Tips for staying safe in on- and off-campus housing
- Install UL-listed smoke alarms in every room of an apartment or rental home. Battery-powered wireless smoke alarm use radio frequency technology to link together so that when one alarm sounds, all of the alarms sound. This immediate response helps provide early warning no matter where the fire starts, giving more time to escape.
- Test smoke alarms monthly and replace batteries as needed.
- Look for housing that is equipped with automatic fire sprinkler systems. Not every residence hall or rental property has them.
- Know two ways out of every building. A fire escape ladder can provide an alternate exit from second or third floor rooms.
- Properly dispose of smoking materials in ashtrays. After parties, check the cushions on couches and chairs for smoldering cigarettes.
- Purchase a fire extinguisher and learn how to use it before a fire breaks out. Always notify the fire department before attempting to extinguish a fire on your own.

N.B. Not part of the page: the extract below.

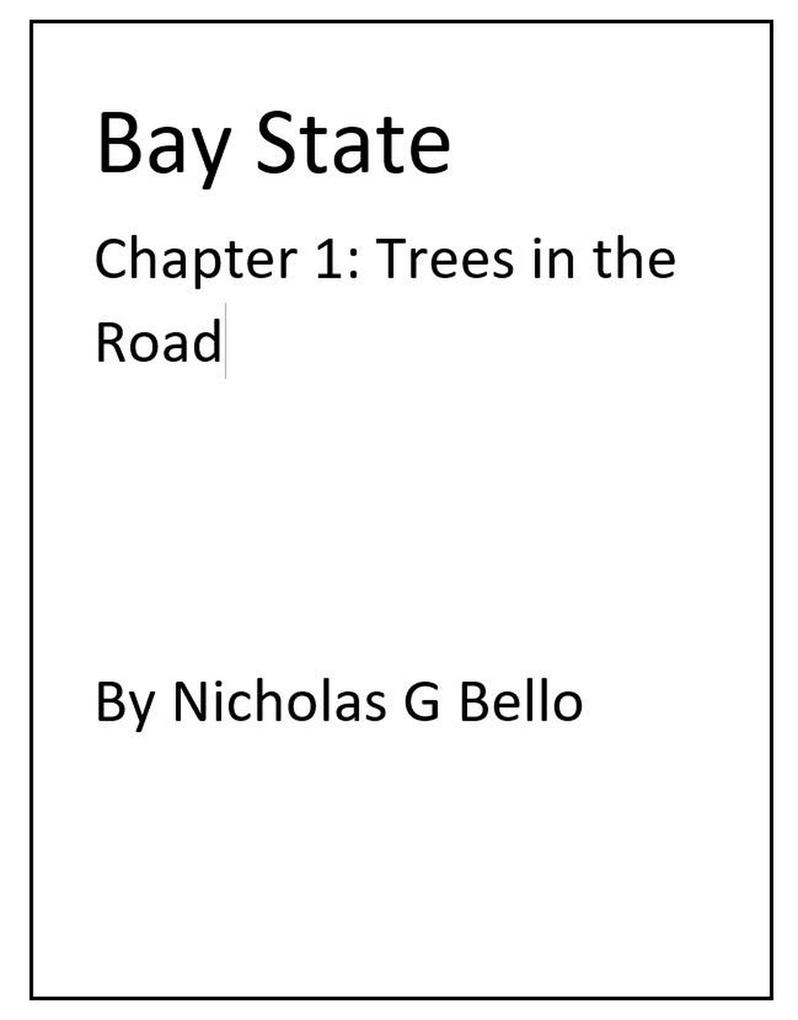Bay State Chapter 1: Trees in the Road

- Use UL-listed extension cords and electrical appliances properly. Don’t overload electrical outlets.
- If the residence has fossil-fuel burning appliances, such as a gas stove or furnace, install UL-listed carbon monoxide alarms on every floor and near sleeping areas. Beginning January 1, 2007, all residences in Illinois will be required to have a CO detector within 15 feet of any sleeping area under a new law signed this spring by Gov. Blagojevich.

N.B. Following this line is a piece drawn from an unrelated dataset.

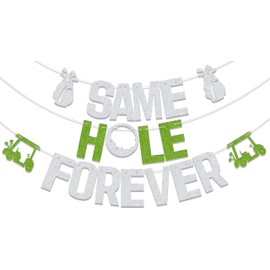 SJcysrilla Same Hole Forever Banner, Golf Bachelor Party Decorations, Silver
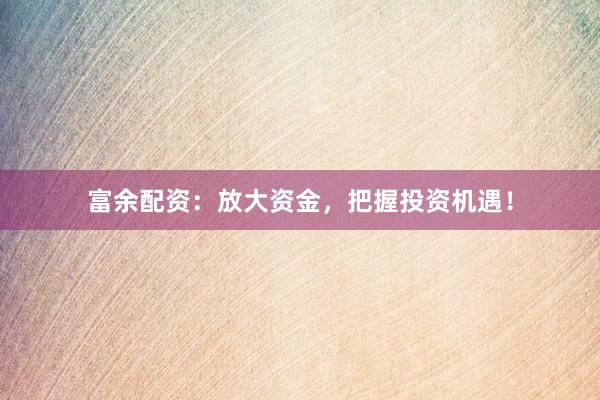 富余配资：放大资金，把握投资机遇！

- Never leave candles unattended and keep them away from items that could easily catch fire. Be sure to put out candles before going to bed.

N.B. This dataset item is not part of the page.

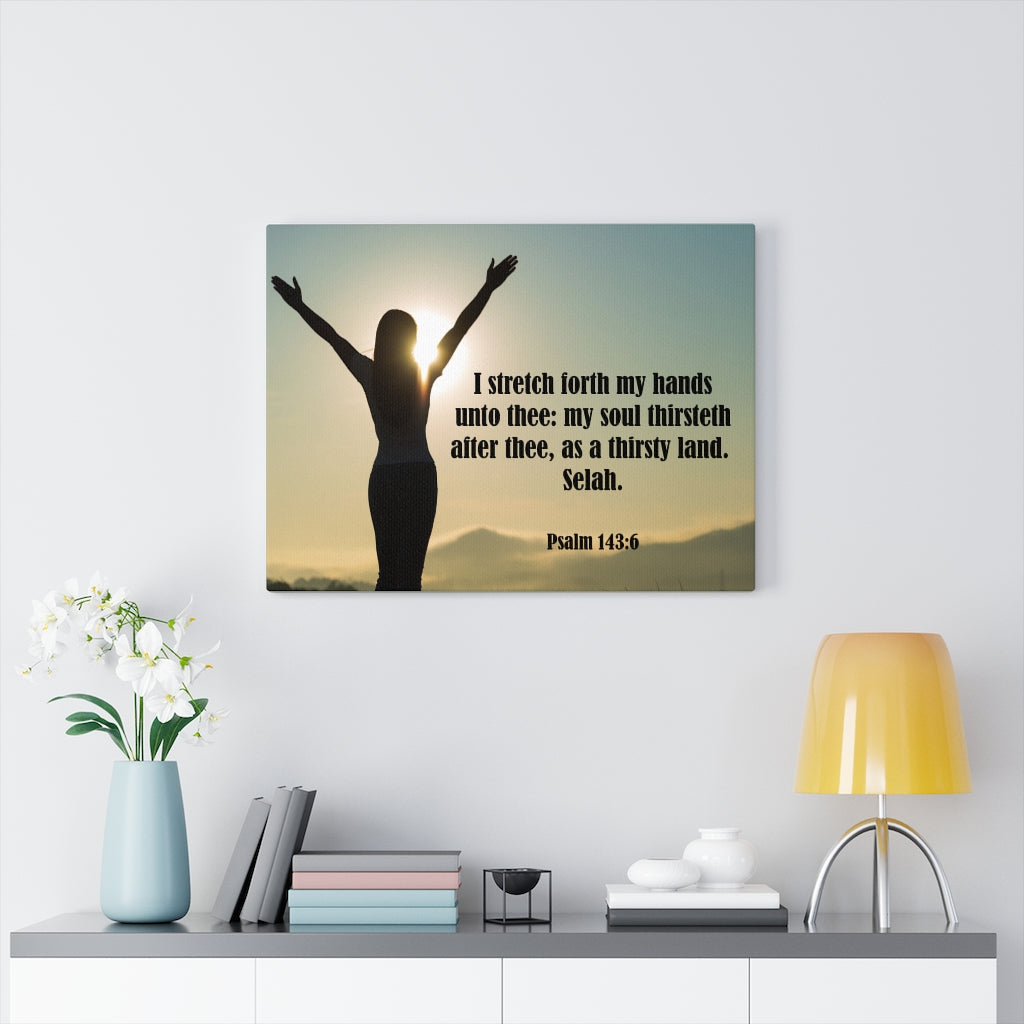 Scripture Walls Thirsty Land Psalm 143:6 Bible Verse Canvas Christian Wall Art Ready to Hang Unframed-Express Your Love Gifts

The text of the Governor’s proclamation follows:
SEPTEMBER 2006 CAMPUS FIRE SAFETY MONTH PROCLAMATION
WHEREAS, fire education and prevention is vital to ensuring the safety of Americans and Illinoisans; and
WHEREAS, college students living on their own for the first time are particularly susceptible to the danger posed by fires; and
WHEREAS, since January of 2000, more than 88 children, students, and parents throughout the country have died in student housing fires, and almost 80 percent of those deaths occurred in off-campus occupancies where the majority of students live unsupervised; and
WHEREAS, most fires can be avoided by practicing some simple commonsense behaviors and routines, such as: checking and turning off the oven and stove before going to sleep or leaving home, not overloading electrical circuits, safely stowing all dangerous and hazardous materials, keeping any electrical devices clear of water, checking and maintaining alarm and sprinkler systems, and noting the location of fire extinguishers to use in the event of an emergency; and
WHEREAS, education significantly helps minimize the risk of fire by raising awareness of those behaviors and routines, but many students do not receive effective fire safety education during their college career when they are generally most at risk:
THEREFORE, I, Rod R. Blagojevich, Governor of the State of Illinois, do hereby proclaim September 2006 as CAMPUS FIRE SAFETY MONTH in Illinois to encourage educators to provide educational programs on the dangers and prevention of fire as students begin and return to college.